Archive for June, 2005

Island nation to go wireless by year end

Monday, June 20th, 2005

Mauritius, an island nation off the eastern coast of Africa, intends to complete a wireless network that spans coast to coast (a sum distance of 40 miles) by year end, according to the Chicago Tribune. Sixty percent of the country already has a wireless signal available, serving 70 percent of the nation’s 1.2 million people.

Apparently the Indian Ocean isn’t such a bad spot to make a go of such things:

“Remote Mauritius is in many respects well-placed to win the high-tech investment it wants. An undersea broadband fiber-optic cable, completed three years ago, gives the island fast and reliable phone and Internet links with the rest of Africa and with Europe, India and Malaysia….The government’s efforts have brought in investment by players like Microsoft, Oracle, Accenture and India’s Infosys Technologies and created about 2,000 jobs in the past two years.”

Cray touts HPC Challenge benchmark results

Thursday, June 16th, 2005

Cray announced today that the Cray XT3 and Cray XD1 have posted leading overall results on the HPC Challenge benchmark tests. With the XT3, they’re claiming victory on seven of the 10 tests. According to Cray:

In comparing customer-reported HPC Challenge results for three large-scale systems of about the same size, an 1,100-processor Cray XT3 supercomputer had the best scores on seven of the 10 “condensed results” tests, compared to an SGI Altix 3700 system with 1,008 processors and an IBM Blue Gene system with 1,024 processors. In the seven tests, the Cray XT3 typically outperformed the next-best system by a factor of two to five times, and was up to 17 times faster than the third-ranking system.

Research funding update

Wednesday, June 15th, 2005

Today’s Computing Research Policy Blog contains an appropriations update for NSF, NASA, and NIST with lots of details and links. Because of the way the appropriations process is now configured, and the way the rules in the U.S. House are structured, apparently those agencies now compete for their funding against the interests of state and local law enforcment agencies. A valuable read for those who want to understand the conditions currently helping to determine our nation’s investment in science and engineering research.

Europe’s GÉANT2

Tuesday, June 14th, 2005

In case you didn’t know about it, the Pan European research and education network, aka GÉANT2, is having a launch celebration this week for what is being promoted as the next generation of research and educational networking in Europe. Touting 500 Gbps performance, this enormous meta-network is managed by the non-profit, UK-based DANTE (Delivery of Advanced Network Technology to Europe), which is charged with building and maintaining networks in Europe and globally for the research and education community. GÉANT2 consists of 30 national research and education networks (NRENs) that link as many as 34 countries and enables collaboration not just across Europe, but also around the planet. In fact, according to this very informative article about the network from the European site EduBourse,

it provides the highest capacity and offers the greatest geographic coverage of any network of its kind in the world.

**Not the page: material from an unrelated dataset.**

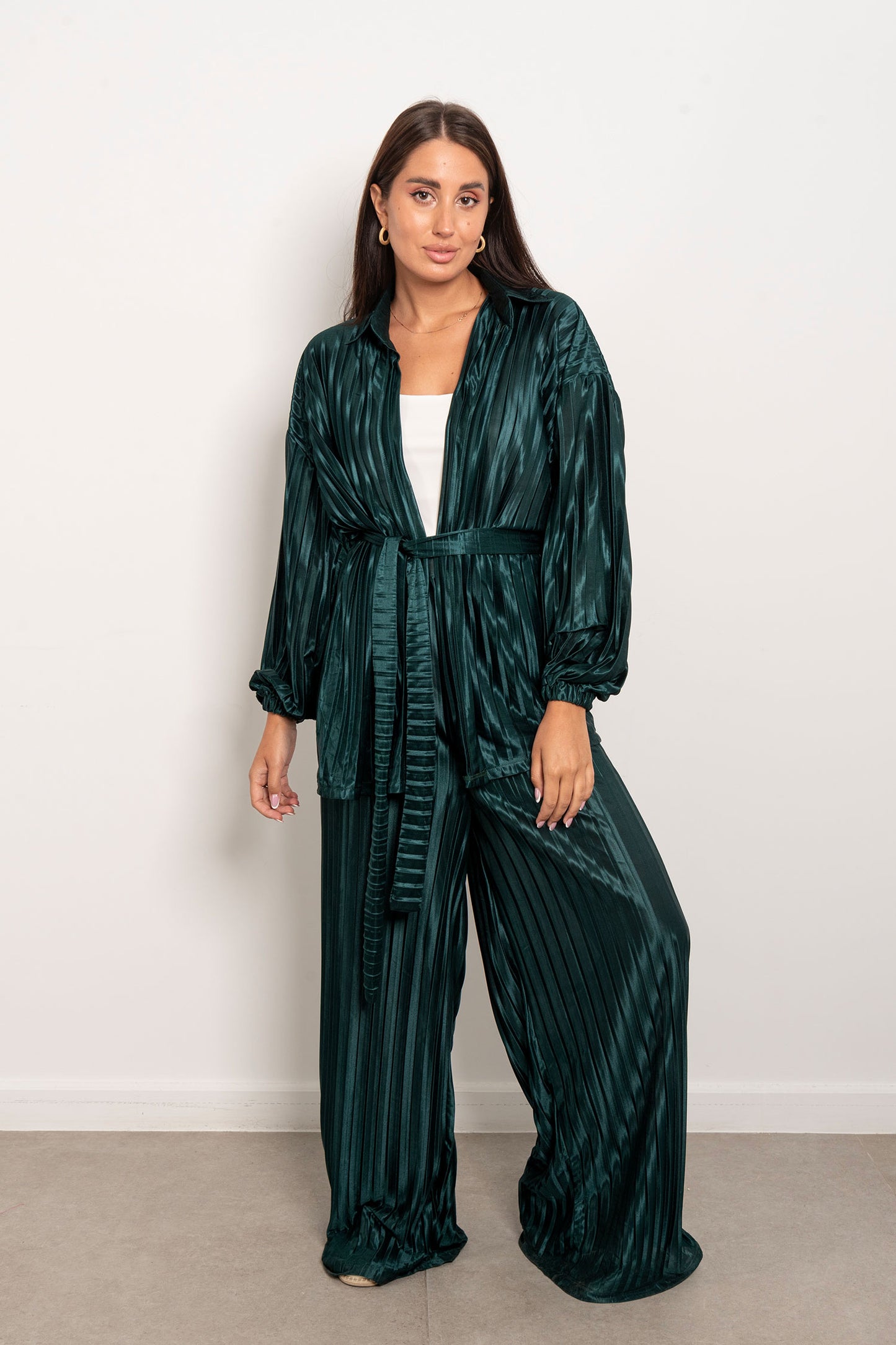 Plisse Two-Piece Set - Dark Green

Such a network represents a giant step in linking global research institutions, which should go a long way toward providing resources and services to those researchers who previously didn’t have access. And it should open up a new “data highway” for the ability to share the massive volumes of data being created with these new resources.

Visit the GÉANT2 website http://www.geant2.net for more information.

Computing’s Counterculture Roots

Tuesday, June 14th, 2005

John Markoff, the New York Times San Francisco Bureau Chief who has documented the birth of the Web and the rise and fall of the dot-coms as well as high-performance computing, has decided to document the historical roots of the computing industry in his new book, What the Doormouse Said. It might come as no surprise that some of the most creative and outrageous minds that made the personal computing industry possible were based in Northern California and part of the 60s counterculture movement. My guess is that Markoff’s book is an interesting read. Check out the review in American Scientist.

Atkins joins the Blogosphere

Friday, June 10th, 2005

Dan Atkins, chair of the NSF Blue Ribbon panel on Cyberinfrastructure and one of the main author’s of what is now commonly referred to as “the Atkin’s report,” has cranked up his own blog. As one of the driving forces behind the development of collaboratories over the past decade or more (he was a founder of UARC, one of the earliest and best known collaboratories), he is one of a small handfull of people who could rightfully claim (or be charged with, depending on how you view it) paternity for the cyberinfrastructure movement. He’s obviously someone we CTWatchers think is worth paying attention to.
A tip of the hat to the Forum on Information Technology and Research Universities, the news and information blog of the National Academies.